_TASK TO COMPLETE_
Repeat every line from the line containing "Άμα παίρνεις αυτά" to the end of the data, exactly. Leave the pictures out.

(Items from a data source)

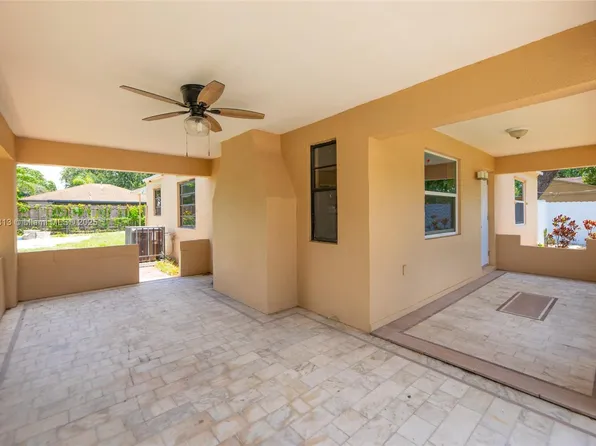 2153 NW 92nd St, Miami, FL 33147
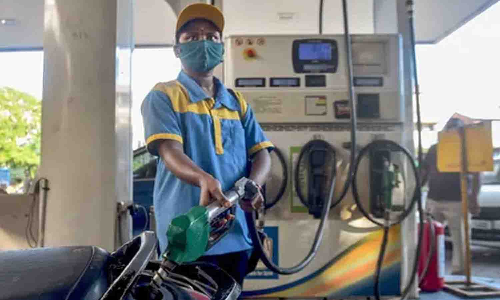 பாட்டில் - கேன்களில் பெட்ரோல் விற்பனை செய்வது தற்காலிகமாக நிறுத்தம்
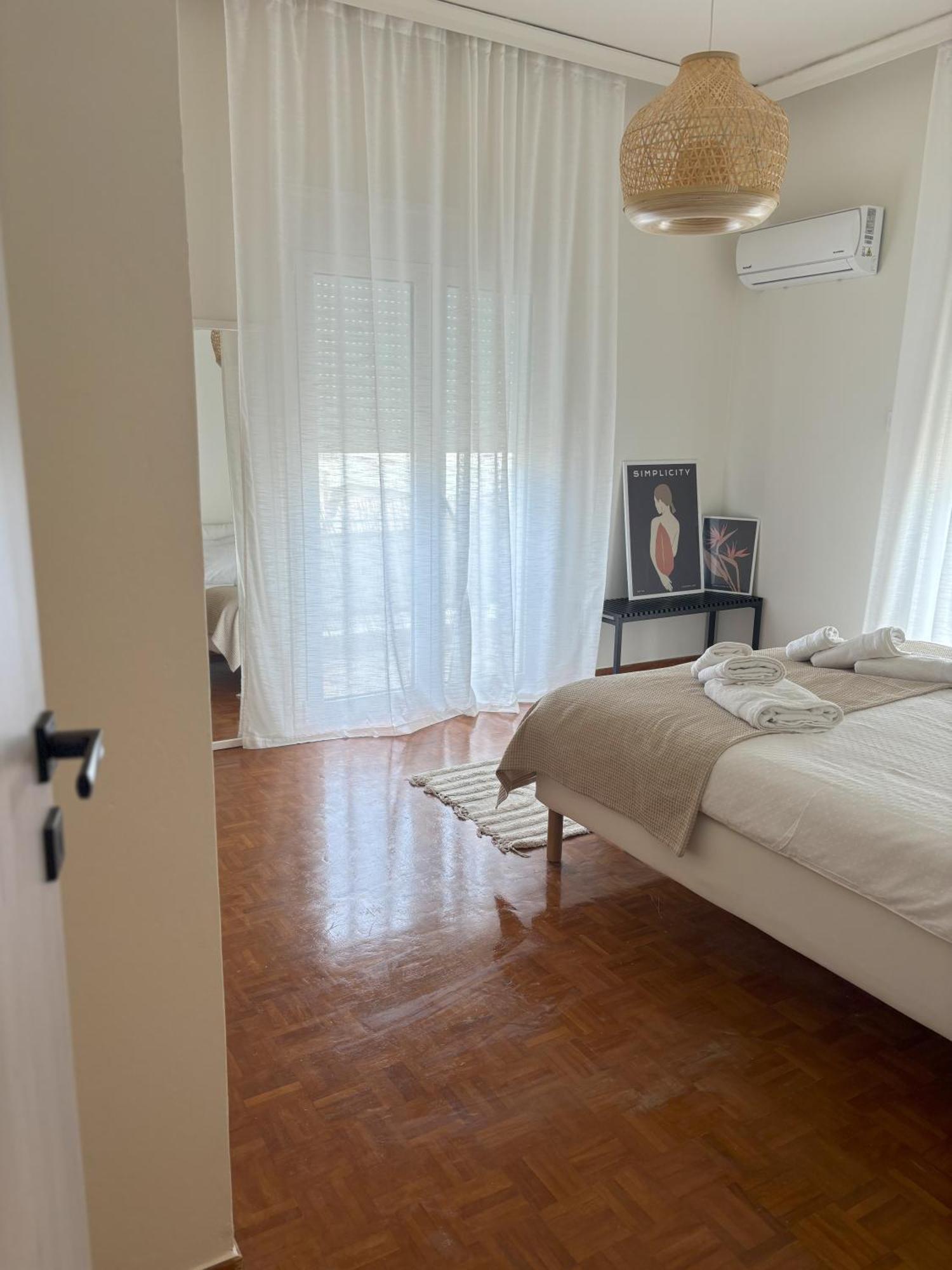 Linear Flat - Center - Private Parking Chania (Crete)
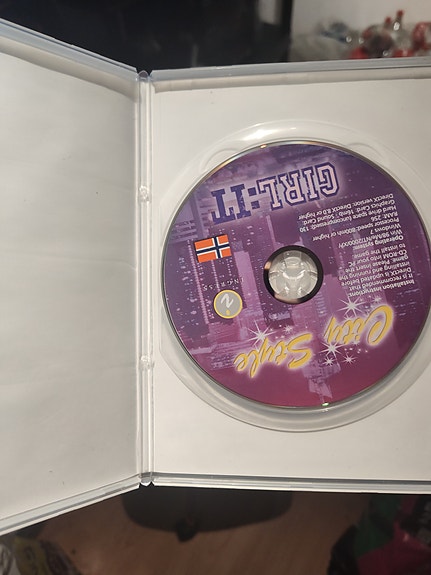 Product image 3 of 3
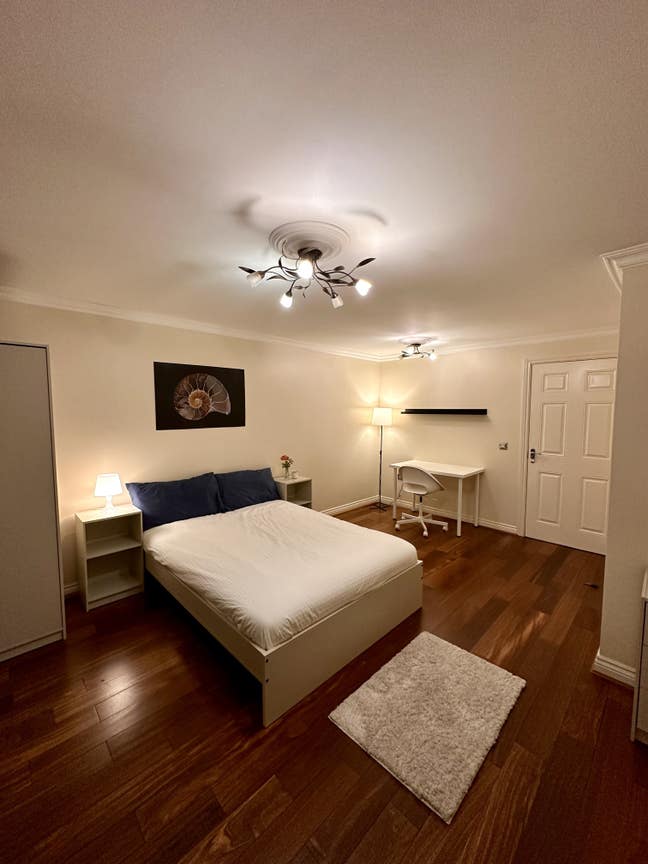 Large Double Bedroom in Slough (Bills Included) Main Photo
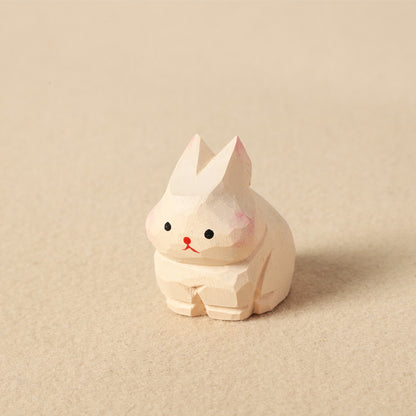 手作りの兎の木製置物。天然木材と天然石を使用した、お守りとしても最適な贈り物。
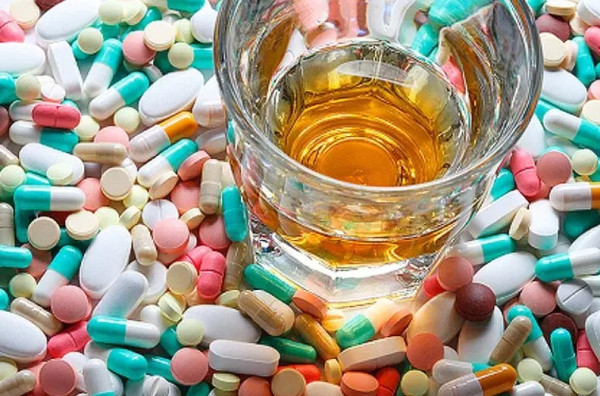 Άμα παίρνεις αυτά τα φάρμακα, μην το πίνεις το ρημάδι...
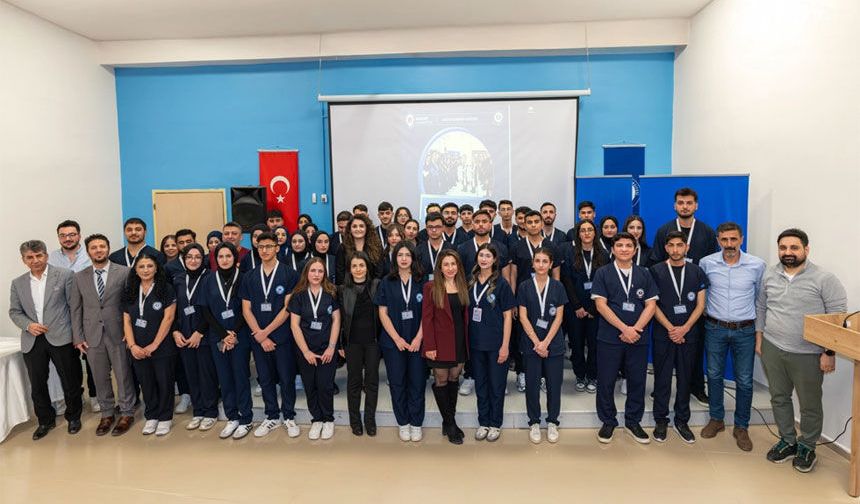 Hakkari'de hemşire adayları yemin etti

_TASK RESPONSE_
 Άμα παίρνεις αυτά τα φάρμακα, μην το πίνεις το ρημάδι...
 Hakkari'de hemşire adayları yemin etti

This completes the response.